Só não fui para padre, porque era muito pequeno e seria motivo de risota em qualquer paróquia quando tivesse de pegar na minha meia rasa para chegar ao altar. A meia rasa era uma caixa rectangular que servia para medir cereais e, no meu caso, podia servir-me de degrau para o trabalho no altar ou para que, a ser pregador, fosse visto por cima da balaustrada do púlpito.
Uma meia rasa supriria a minha dificuldade de baixote. Ninguém punha em causa que a criança tímida pudesse aprender a essência da doutrina da igreja para a recitar ao povo dos fiéis ou até argumentar para alumiar alguma comunidade cristã com a chama da fé que me sobrava, ao que me lembro.
Embora os rapazes da minha aldeia (que me lembro de ver partir para estudar as segundas letras) tivessem ido para o seminário, eu não saí da aldeia por essa rua estreita. Nem pela outra que era vir para o sal finda a terceira classe ou, passados uns anos no sol a sol do campo, para a distância das Amercas ou dos Brasis para onde perdêramos de vista o meu pai e outros homens com valia para vingar longe da nossa miséria.

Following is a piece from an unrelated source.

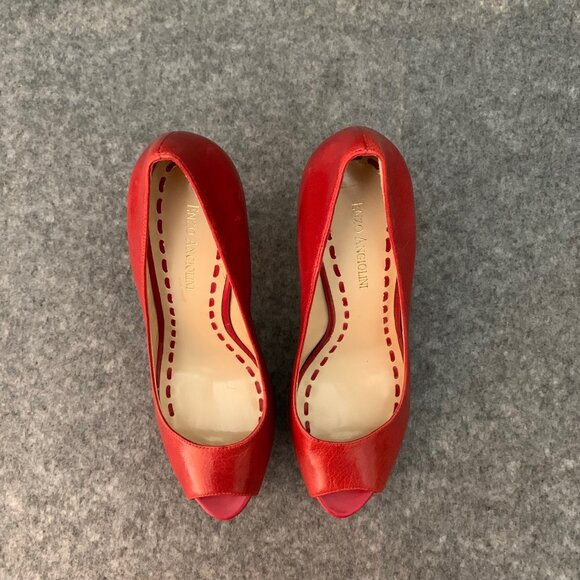 Enzo Angiolini EATANEN Women's Distressed Red Leather Heel Peep Toe Shoes - Picture 6 of 9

Alguém me empurrou para fora do berço e da aldeia, caí em escolas várias em busca da verdade. Nunca me fez falta a meia rasa para erguer a voz quando comecei a cantar. E aprendendo a ver, ouvir e ler dei por mim a vacilar. Mudei as vezes necessárias para continuar no essencial o mesmo. Gritei e argumentei uma boa parte da minha vida. Fracas armas as palavras nuas de quem não pode oferecer mais que a esperança da justiça e a luta pela liberdade. A democracia vale a pena como o mais rico regime em diversidade de ideias, como construção complexa. Chegámos a pensar que as nossas ideias não valiam. Mas, gloriosamente, renascíamos sempre que nos ouvíamos a falar por cima do silêncio opressivo de quem nos calava e se calava. Mais gloriosamente ainda renascemos quando resistimos à tentação da censura, à tentação da pressa.

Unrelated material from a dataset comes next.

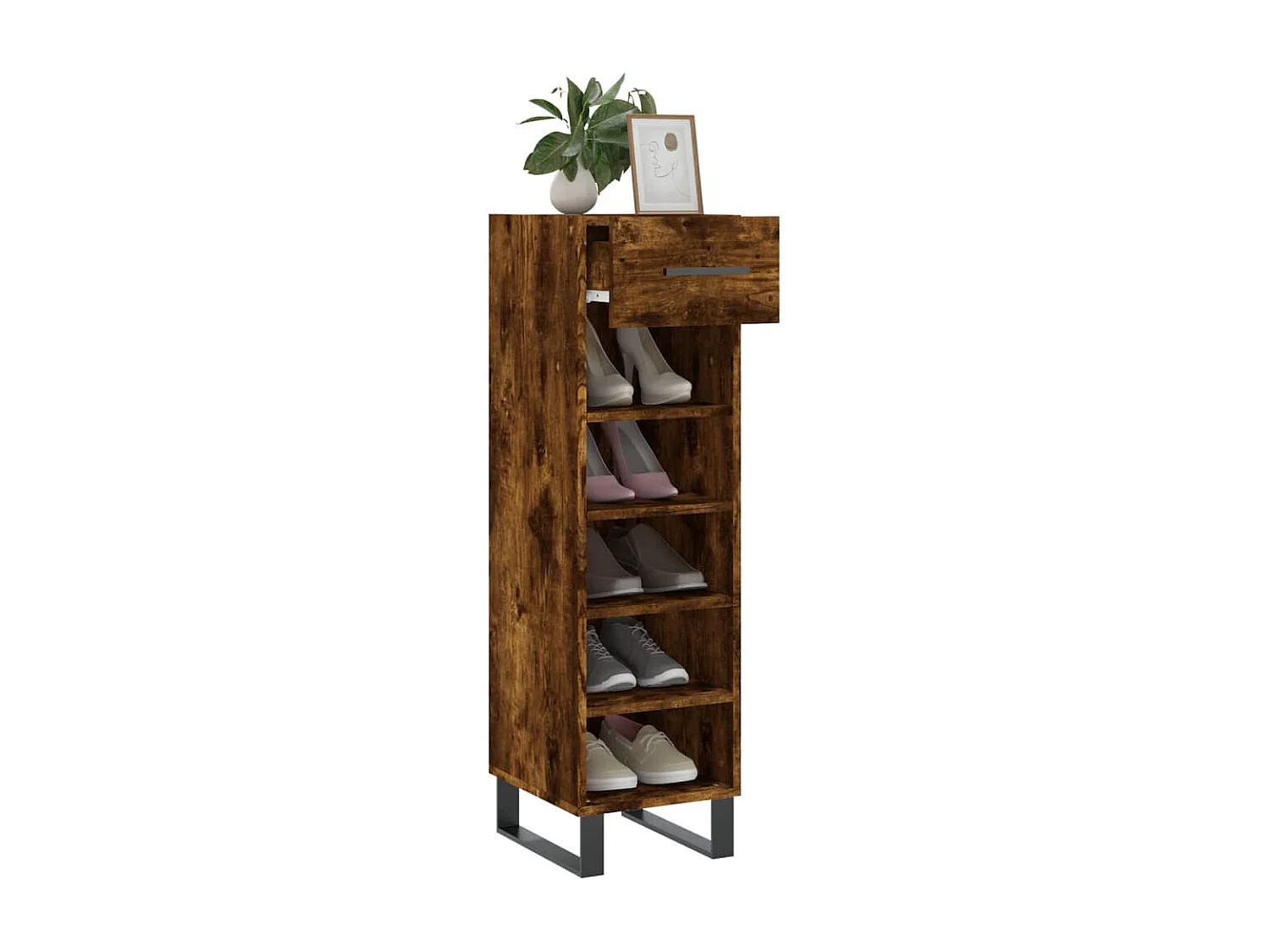 Sapateira de carvalho fumê 30x35x105 cm madeira projetada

A maioria absoluta na Câmara e na Assembleia explica pouco, torna-se rápida e obtém, por via dos votos, a aprovação das suas propostas. Com decoro, a maioria ouve os mínimos da oposição. Feito de regras, formalidades e pouco mais, o debate torna-se pobre e insuficiente. A maioria fez-se surda depois de se ter mostrado pouco menos que muda. Falta-lhe mais que meia rasa para oficiar no altar da democracia.